I have a very limited understanding, but the impression I got is that VCs typically have short maturity dates and thus are riskier in nature, whereas PE funds typically have the luxury of biding their time. How this is structured, or why exactly is beyond my ken.
So upside being, VCs are incentivized to encourage larger risk taking than what would be otherwise optimal from the perspective of a bootstrapped founder.
The bootstrapped founder, on the other hand, doesn't necessarily need to exit the investment in those 8-10 (or shorter) years. There are, of course, serial entrepreneurs for whom that is their goal, and for them (as the article points out) their incentives are aligned. For "lifestyle company" founders (not meant to be disparaging), an exit may not be necessary at all. The key differences are time horizon and exit.
The most typical arrangement is 20% after 1x in LP distributions, with some variation in what are called hurdle rates (that is, different percent carried interest at different multiples or IRRs).
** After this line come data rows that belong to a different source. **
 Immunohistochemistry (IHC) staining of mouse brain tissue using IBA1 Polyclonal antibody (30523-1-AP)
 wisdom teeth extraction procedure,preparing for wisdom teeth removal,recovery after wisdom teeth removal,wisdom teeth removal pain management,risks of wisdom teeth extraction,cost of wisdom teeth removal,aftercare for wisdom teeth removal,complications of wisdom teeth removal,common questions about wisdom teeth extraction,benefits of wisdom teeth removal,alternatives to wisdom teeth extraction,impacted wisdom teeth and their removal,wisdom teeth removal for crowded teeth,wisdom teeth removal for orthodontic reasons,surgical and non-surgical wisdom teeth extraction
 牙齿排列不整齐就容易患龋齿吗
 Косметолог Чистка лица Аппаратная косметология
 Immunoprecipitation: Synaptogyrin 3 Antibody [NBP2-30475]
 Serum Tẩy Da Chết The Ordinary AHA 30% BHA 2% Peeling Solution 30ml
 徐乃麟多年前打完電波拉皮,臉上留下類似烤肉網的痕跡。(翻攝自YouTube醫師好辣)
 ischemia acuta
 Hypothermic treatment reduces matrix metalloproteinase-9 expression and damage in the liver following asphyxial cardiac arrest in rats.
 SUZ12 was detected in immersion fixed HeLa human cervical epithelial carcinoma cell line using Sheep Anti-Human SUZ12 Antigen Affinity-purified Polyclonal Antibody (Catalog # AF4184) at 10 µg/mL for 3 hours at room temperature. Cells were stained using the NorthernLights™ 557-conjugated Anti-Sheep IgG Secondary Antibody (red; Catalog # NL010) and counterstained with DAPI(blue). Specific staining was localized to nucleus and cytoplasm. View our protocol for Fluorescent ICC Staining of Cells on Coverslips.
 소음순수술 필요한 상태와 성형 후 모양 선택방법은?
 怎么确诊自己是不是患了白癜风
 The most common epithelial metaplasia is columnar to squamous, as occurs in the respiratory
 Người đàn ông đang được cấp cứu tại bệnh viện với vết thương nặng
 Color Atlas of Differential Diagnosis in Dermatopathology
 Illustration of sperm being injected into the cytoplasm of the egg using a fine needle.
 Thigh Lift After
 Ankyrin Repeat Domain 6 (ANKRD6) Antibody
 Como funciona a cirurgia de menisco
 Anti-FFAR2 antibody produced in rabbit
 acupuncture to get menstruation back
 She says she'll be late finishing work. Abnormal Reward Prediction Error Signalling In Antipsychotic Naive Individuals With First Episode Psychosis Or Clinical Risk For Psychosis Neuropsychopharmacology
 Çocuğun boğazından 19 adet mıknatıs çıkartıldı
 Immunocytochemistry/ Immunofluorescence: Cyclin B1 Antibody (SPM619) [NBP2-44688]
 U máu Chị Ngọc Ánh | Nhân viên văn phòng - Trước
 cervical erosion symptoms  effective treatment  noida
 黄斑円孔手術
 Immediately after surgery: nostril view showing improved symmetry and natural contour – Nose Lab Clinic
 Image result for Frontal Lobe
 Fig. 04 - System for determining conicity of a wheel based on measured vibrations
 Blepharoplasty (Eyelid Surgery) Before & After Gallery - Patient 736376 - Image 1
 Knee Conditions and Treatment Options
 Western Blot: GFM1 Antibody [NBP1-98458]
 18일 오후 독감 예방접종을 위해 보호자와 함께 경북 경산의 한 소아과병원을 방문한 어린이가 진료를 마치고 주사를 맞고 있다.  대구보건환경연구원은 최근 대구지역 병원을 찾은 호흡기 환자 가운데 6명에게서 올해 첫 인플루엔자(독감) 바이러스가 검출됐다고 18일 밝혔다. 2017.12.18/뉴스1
That $15 mil investment might be acquihired, or continue to be unexcitingly profitable, or put up on the chopping block for its patent portfolio. They might not even lose money, but.
Also keep in mind that VC funds as an asset class are historically a bad investment: http://www.slate.com/blogs/moneybox/2012/05/07/most_venture_... http://avc.com/2013/02/venture-capital-returns/
It's not just that the VC expects the average startup to fail; it's also expected that the average VC fails - or at least underperforms the S&P500.